PRIMA IL COMUNE POI I VOLONTARI

CESARE CHIERICATI - 09/09/2016

Amianto ed altri rifiuti nella valle della Bevera

Amianto ed altri rifiuti nella valle della Bevera

L’estate 2016 può essere archiviata sul piano cittadino e provinciale come quella dei rifiuti abbandonati. Un po’ ovunque come hanno diligentemente registrato i media locali: nei centri storici come nelle periferie, lungo le provinciali, le statali, le autostrade e le ciclabili, quasi le alte temperature estive avessero ulteriormente esasperato il vezzo, molto latino, che a contare e dunque a meritare rispetto siano solo i luoghi privati, cioè quelli a noi prossimi e non quelli pubblici dove è lecito e quasi auspicabile trasgredire, imbrattare, sconciare. Tanto prima o poi qualcuno interverrà e se nessuno lo farà pazienza, che sarà mai una mini discarica in più o in meno? È ovviamente una questione che riguarda, sia pure con le dovute distinzioni territoriali, tutto il Bel Paese e che interroga direttamente i sempre più declinanti livelli educativi della popolazione.

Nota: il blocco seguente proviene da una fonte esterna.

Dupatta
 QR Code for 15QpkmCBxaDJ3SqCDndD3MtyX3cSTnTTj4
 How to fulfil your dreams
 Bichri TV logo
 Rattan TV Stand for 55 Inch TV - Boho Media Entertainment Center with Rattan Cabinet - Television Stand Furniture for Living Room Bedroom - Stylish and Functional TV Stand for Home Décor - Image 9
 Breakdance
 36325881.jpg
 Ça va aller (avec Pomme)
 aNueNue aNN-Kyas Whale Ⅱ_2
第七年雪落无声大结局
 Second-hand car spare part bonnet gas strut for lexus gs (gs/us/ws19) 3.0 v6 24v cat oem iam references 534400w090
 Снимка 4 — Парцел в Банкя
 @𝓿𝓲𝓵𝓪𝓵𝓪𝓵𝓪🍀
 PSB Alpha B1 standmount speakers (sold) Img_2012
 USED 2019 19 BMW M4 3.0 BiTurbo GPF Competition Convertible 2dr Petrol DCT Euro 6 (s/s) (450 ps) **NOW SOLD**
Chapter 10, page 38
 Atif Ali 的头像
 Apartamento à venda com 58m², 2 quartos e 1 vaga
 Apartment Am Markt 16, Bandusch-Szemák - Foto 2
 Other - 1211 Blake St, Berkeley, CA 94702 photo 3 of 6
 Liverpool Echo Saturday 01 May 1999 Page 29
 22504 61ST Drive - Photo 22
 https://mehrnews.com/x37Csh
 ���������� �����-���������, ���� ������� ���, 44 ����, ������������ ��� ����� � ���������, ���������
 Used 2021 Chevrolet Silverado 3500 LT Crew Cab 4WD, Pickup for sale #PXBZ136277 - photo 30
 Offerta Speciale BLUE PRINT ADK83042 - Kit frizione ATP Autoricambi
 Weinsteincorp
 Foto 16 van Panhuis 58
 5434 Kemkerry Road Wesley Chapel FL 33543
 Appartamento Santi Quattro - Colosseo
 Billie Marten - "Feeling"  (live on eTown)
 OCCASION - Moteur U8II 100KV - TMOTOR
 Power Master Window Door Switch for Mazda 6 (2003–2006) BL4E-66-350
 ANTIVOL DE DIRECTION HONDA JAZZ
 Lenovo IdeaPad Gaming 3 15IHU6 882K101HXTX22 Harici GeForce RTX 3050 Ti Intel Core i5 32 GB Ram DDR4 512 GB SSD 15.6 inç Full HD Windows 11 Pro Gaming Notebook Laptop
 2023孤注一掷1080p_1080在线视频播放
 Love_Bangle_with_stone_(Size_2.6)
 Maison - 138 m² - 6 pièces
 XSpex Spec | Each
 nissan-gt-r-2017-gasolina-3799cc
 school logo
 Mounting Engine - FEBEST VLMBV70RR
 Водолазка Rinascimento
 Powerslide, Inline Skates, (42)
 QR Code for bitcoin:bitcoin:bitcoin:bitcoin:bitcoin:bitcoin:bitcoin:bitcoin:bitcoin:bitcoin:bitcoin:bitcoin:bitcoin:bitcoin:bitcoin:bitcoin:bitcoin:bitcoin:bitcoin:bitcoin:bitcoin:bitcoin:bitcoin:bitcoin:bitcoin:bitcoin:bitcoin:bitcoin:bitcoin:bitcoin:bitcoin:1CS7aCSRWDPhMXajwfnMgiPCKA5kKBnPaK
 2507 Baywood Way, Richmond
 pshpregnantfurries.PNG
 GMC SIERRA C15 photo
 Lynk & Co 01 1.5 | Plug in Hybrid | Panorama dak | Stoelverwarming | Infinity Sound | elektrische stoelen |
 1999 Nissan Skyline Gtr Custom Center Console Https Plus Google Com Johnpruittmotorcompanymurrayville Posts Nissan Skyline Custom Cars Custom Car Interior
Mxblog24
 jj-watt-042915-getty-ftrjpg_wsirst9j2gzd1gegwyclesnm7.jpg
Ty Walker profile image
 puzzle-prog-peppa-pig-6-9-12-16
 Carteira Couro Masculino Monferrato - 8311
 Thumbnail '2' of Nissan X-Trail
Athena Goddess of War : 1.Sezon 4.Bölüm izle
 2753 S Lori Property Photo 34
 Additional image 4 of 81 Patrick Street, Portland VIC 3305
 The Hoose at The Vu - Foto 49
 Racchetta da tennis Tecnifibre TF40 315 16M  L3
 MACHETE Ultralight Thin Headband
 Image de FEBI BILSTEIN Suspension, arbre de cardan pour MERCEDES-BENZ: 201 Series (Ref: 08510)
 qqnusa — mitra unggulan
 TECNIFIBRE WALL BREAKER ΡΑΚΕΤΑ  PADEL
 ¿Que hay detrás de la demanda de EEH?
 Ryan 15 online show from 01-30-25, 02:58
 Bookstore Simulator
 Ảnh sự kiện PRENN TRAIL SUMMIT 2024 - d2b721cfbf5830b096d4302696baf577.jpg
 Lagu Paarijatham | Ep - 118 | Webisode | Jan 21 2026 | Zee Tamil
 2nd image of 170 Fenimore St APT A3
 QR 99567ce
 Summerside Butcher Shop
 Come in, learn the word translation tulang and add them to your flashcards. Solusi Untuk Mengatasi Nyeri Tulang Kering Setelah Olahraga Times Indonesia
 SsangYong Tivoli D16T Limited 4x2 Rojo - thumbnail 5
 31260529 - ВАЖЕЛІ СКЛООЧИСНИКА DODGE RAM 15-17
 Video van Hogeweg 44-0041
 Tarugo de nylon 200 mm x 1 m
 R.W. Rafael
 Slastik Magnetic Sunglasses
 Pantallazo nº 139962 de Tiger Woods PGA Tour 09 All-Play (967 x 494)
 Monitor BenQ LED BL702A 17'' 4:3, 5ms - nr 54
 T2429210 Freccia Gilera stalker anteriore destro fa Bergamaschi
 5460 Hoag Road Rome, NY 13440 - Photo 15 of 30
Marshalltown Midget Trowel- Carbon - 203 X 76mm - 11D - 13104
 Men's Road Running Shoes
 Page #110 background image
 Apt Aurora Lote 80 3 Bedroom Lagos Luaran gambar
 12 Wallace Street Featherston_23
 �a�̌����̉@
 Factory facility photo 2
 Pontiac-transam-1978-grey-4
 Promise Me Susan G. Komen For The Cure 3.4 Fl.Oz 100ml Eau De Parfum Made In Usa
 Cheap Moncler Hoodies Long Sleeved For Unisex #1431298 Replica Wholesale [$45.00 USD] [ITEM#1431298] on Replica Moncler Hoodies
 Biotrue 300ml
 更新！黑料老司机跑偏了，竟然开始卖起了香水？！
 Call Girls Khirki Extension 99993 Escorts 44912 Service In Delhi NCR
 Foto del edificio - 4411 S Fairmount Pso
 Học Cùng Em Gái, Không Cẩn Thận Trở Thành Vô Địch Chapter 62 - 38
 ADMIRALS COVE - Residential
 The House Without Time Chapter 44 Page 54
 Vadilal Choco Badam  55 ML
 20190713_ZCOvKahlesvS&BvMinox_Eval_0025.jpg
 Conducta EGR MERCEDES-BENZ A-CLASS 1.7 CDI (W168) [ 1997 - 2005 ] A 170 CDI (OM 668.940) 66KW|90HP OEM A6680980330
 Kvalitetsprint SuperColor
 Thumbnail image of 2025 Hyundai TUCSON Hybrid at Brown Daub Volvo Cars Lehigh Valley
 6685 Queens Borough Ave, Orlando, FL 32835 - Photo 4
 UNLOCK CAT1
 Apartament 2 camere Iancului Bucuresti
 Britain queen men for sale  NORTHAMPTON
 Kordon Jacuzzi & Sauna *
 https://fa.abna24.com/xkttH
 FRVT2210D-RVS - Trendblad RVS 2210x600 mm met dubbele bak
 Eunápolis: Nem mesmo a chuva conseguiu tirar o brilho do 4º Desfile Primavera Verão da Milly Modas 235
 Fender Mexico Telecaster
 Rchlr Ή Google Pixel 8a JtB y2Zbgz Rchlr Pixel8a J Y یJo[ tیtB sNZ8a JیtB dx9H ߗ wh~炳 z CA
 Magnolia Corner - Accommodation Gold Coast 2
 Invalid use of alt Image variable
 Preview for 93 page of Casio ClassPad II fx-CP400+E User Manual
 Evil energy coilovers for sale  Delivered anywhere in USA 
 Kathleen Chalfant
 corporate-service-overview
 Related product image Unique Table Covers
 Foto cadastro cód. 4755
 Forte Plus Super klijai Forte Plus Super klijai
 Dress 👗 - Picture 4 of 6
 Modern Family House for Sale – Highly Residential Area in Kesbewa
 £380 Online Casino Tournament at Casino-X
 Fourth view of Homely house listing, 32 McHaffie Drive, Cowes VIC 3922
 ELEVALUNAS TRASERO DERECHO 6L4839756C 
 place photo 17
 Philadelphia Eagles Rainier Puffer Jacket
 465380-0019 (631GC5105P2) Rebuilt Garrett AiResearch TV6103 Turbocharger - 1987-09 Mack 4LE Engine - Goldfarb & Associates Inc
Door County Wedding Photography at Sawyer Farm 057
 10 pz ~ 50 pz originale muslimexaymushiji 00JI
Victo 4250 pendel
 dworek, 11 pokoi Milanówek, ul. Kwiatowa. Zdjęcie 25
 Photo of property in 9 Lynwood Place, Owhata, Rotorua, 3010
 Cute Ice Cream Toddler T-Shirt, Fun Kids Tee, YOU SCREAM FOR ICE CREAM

Neppure nelle città che offrono moderne opportunità di smaltimento, come Varese, il fenomeno si riduce in maniera significativa. Invece di fissare un appuntamento con Aspem per disfarsi di un divano sfondato o di una vecchia radio in disuso si preferisce notte tempo piazzarle all’angolo di una strada o vicino a un cestino porta rifiuti. Peraltro nella certezza quasi matematica di non venir mai pizzicati sul fatto e adeguatamente sanzionati come prevede l’estesa “normativa nazionale in materia”. Addirittura, vista l’indubbia ingegnosità italica nel trasgredire, non ci si dovrebbe stupire se prima o poi si scoprisse che, anche dietro lo smaltimento illegale fai da te, siano cresciute nuove figure professionali urbane premafiose, ovvero confezionatori e collocatori di rifiuti domestici per conto terzi dietro compenso. Un’indagine in questa direzione potrebbe magari riservare qualche sorpresa e meglio orientare l’opera di prevenzione a carico dei pubblici poteri che spesso, anche se sollecitati prontamente, si muovono nelle azioni di contrasto con lentezza o fanno orecchie da mercante.

Con l’abituale verve lo ha fatto notare sulla Prealpina di mercoledì 31 agosto Ambrogio Vaghi raccontando come sia abbastanza semplice fare diretta esperienza nei pubblici uffici “di telefoni che suonano a lungo a vuoto e nei casi migliori un impiegato che dichiara la sua incompetenza e ti suggerisce un altro settore … fino alla noia e alla resa del buon cittadino”.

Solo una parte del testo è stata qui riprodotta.